Au milieu d’une foule compacte de manifestants pro-européens, Ana Kaulachvili avance, à l’aise comme un poisson dans l’eau. Le Géorgien de 22 ans va se retrouver, en moins de 48 heures, dans un univers bien différent : devant les caméras de l’émission Master Chef.
Participer à la version géorgienne du célèbre concours de cuisine télévisé “c’est mon rêve depuis cinq ans”, explique à l’AFP la jeune femme sur une place de Tbilissi, enveloppée du drapeau rouge et blanc du petit pays du Caucase.
Les compétences culinaires d’Ana Kaulashvili lui ont permis de franchir plusieurs tours éliminatoires et même de remporter le deuxième épisode de la saison en cours.
En - normal, la jeune brune au look de bonne élève aurait consacré tout son - à perfectionner ses plats pour Master Chef.
Mais l’annonce faite jeudi par le gouvernement du parti Rêve géorgien de geler les ambitions d’adhésion à l’Union européenne a déclenché des manifestations massives et fait dérailler ses priorités.
« Mon avenir dépend de ce que fait maintenant la Géorgie », dit-il.
Elle est convaincue que son pays est « à la croisée des chemins » : d’un côté l’UE et ses promesses ; de l’autre, la Russie, voisin qui sert d’épouvantail à l’opposition dans cette ancienne république soviétique.

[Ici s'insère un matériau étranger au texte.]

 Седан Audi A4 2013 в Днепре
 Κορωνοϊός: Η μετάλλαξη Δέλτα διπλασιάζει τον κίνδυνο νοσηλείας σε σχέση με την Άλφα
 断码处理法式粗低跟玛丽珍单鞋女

L’enjeu est tel que ce n’est pas le moment “de s’amuser, de faire ce qu’on aime ou de se détendre”, juge Ana Kaulachvili.

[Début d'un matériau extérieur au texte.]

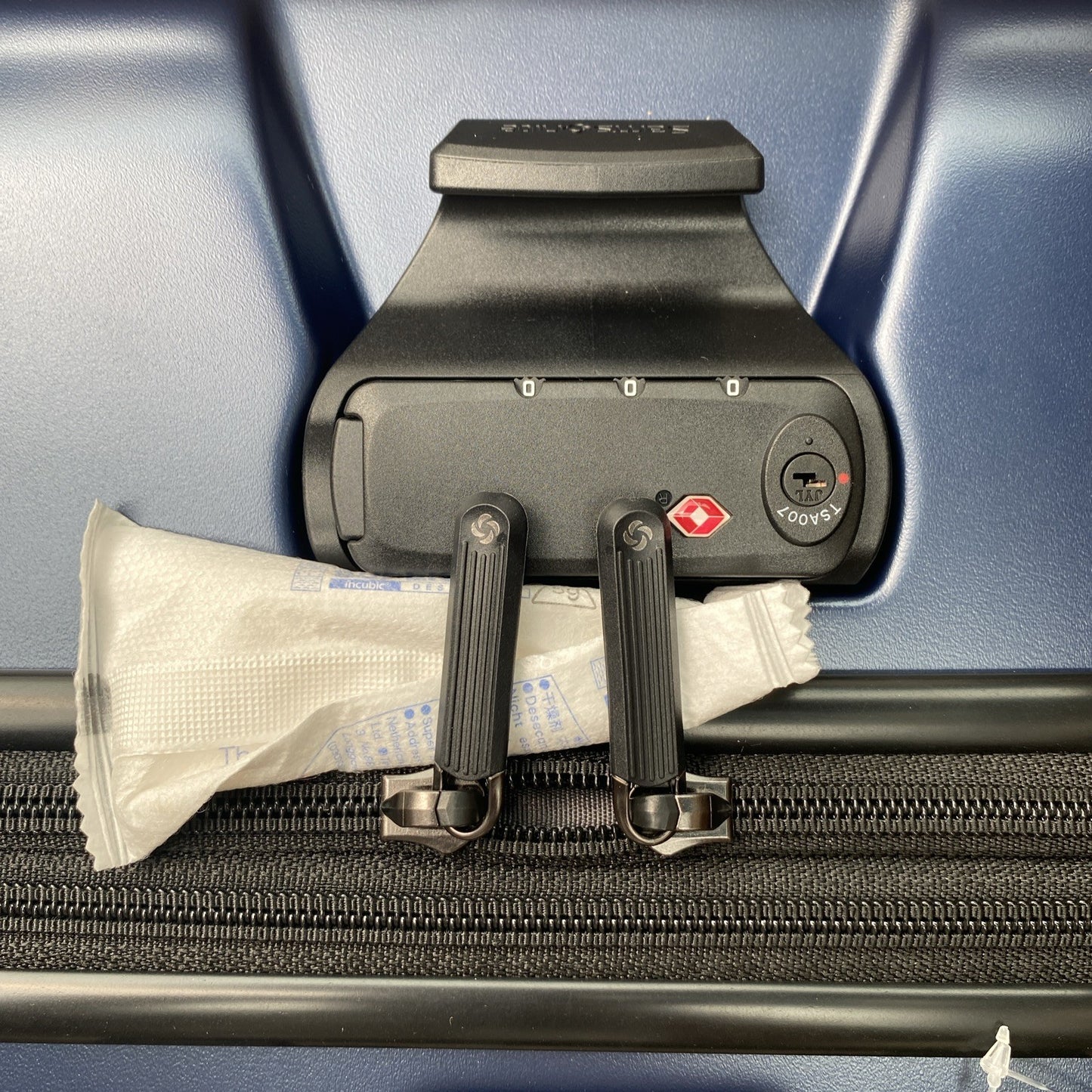 Samsonite Amplitude Large Hardside Case in French Navy Suitcase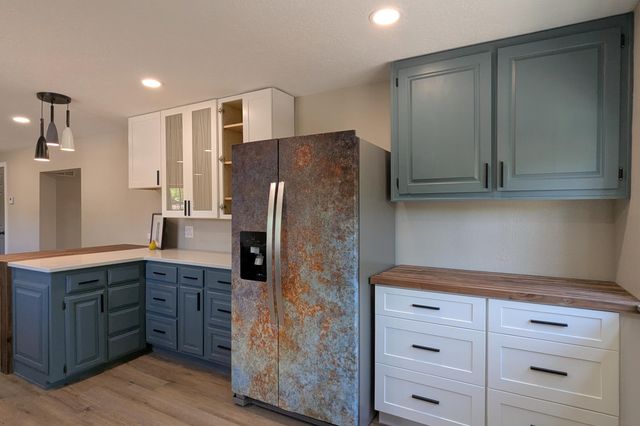 10031 Guadalupe Trail NW A, Albuquerque, NM 87114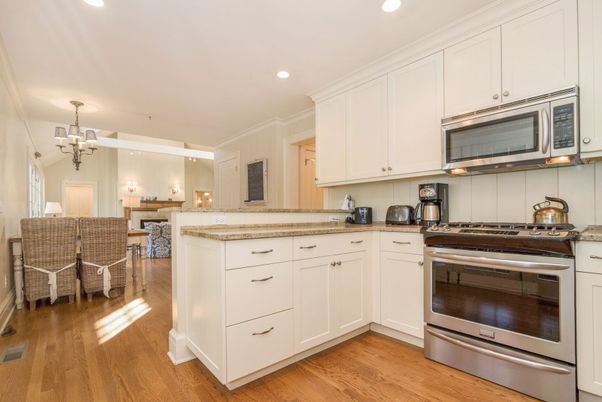 Chandelier, Dining room, Interior, Kitchen, Pendant Lights, Recessed Lighting, Stainless Steel Appliances, Wood Texture Flooring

«Nous sommes entrés en mode révolution.»
– « Tellement fier » –
Le lendemain, l’AFP retrouvait Ana Kaulachvili chez elle. Ces derniers jours, le jeune psychologue expérimenté y a passé moins de - qu’aux manifestations.

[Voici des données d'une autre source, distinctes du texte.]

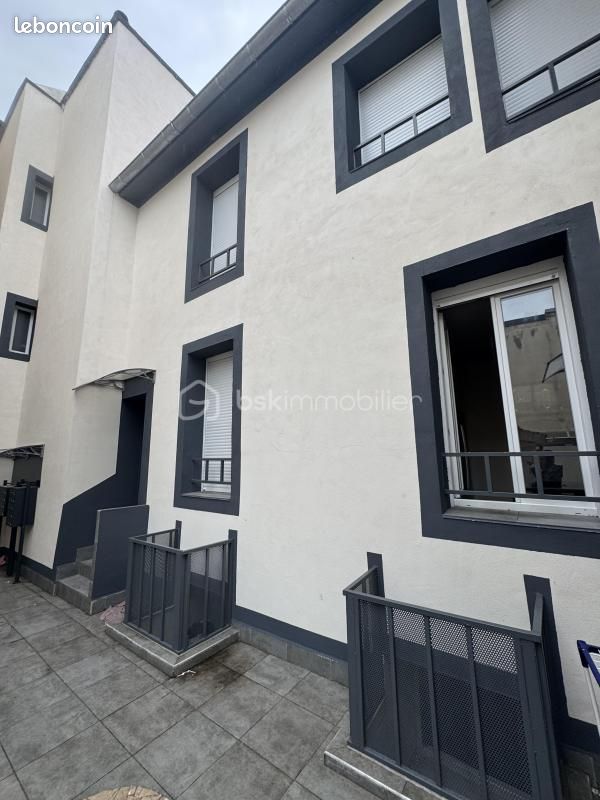 Local commercial 320 m² · à Saint-Denis · 320 m² · 1 660 000 €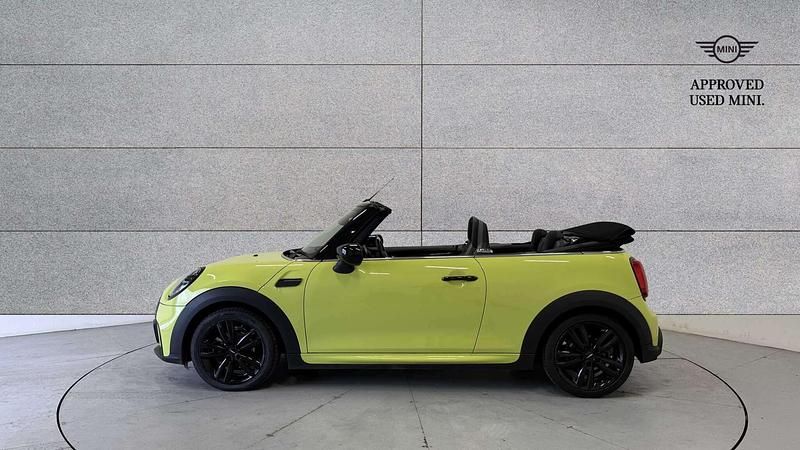 Begagnad Mini Cooper Sport 134 HK (98 kW) 2023 Gul Halvkombi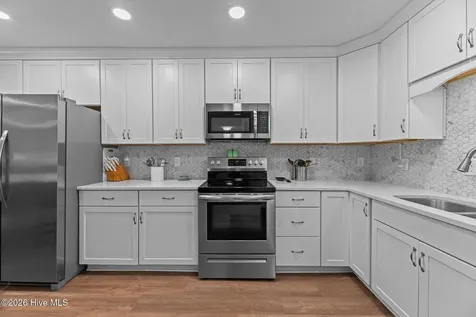 2211 Steeple Chase Drive Trent Woods NC 28562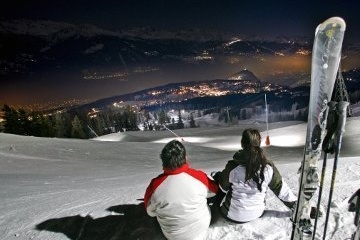 Luxusné lyžiarske stredisko Crans-Montana v švajčiarskych Alpách.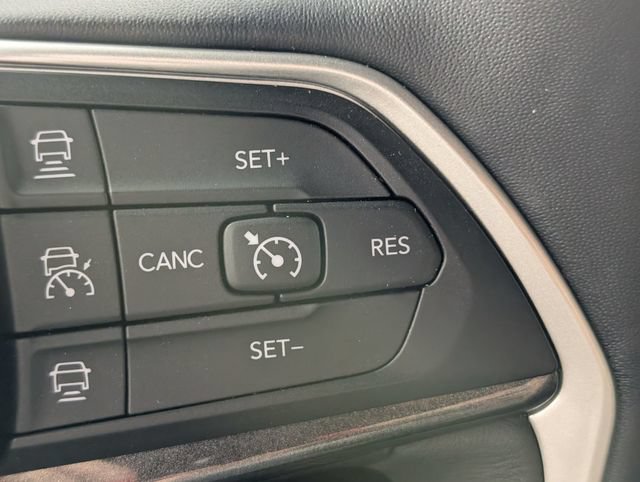 Certified 2021 Jeep Grand Cherokee L Laredo AWD/4WD image 16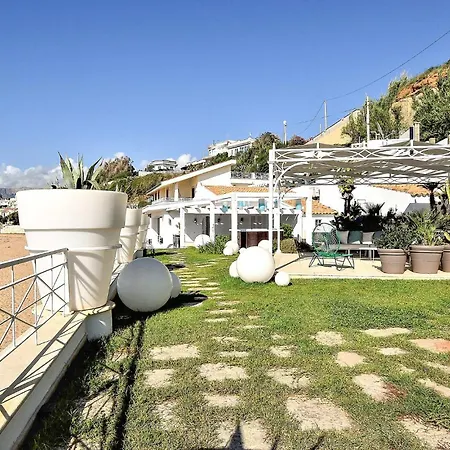 3 Bedroom Gorgeous In Trappeto Trappeto (Sicily)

Son engagement se manifeste dès son entrée dans l’appartement, où sa tenue de manifestant est posée sur un miroir. Un drapeau géorgien, un autre de l’UE et un masque à gaz, barrière fondamentale contre les gaz lacrymogènes utilisés par la police.
Manifestation après manifestation, Ana Kaulashvili a acquis une certaine notoriété dans le milieu de l’opposition.
Une photo de lui a fait le tour des réseaux sociaux cette semaine. Elle se tient là, sur les barricades, devant la police, les bras levant haut le drapeau de son pays.
Son petit ami Dato Abzianidzé, 29 ans, a déclaré avoir vu la photo partagée et repartagée alors qu’Ana dormait encore dans leur appartement.
«Je me suis approché d’elle pour l’embrasser parce que j’étais très fier», explique-t-il en la regardant.
– Khinkalis et grippe –
Le peu de - libre qu’il reste à Ana Kaulachvili est consacré à la cuisine, à préparer les prochains tests Master Chef.
La diffusion de l’émission a été suspendue pendant les manifestations, preuve de l’impact de ce mouvement dans le pays, mais le tournage des épisodes se poursuit.
Au menu de son entraînement quotidien se trouvent des khinkalis, des boulettes de viande fourrées à la viande.
“C’est le plat national et aussi mon plat préféré”, sourit-il en coupant des oignons.
Leur pliage est technique et elle préfère s’entraîner avant de les réaliser pour le spectacle.
Ce n’est pas le premier essai de la jeune femme. Elle a filmé sa recette à plusieurs reprises pour son compte TikTok, où les vidéos de ses plats lui ont permis de rassembler 41 000 abonnés.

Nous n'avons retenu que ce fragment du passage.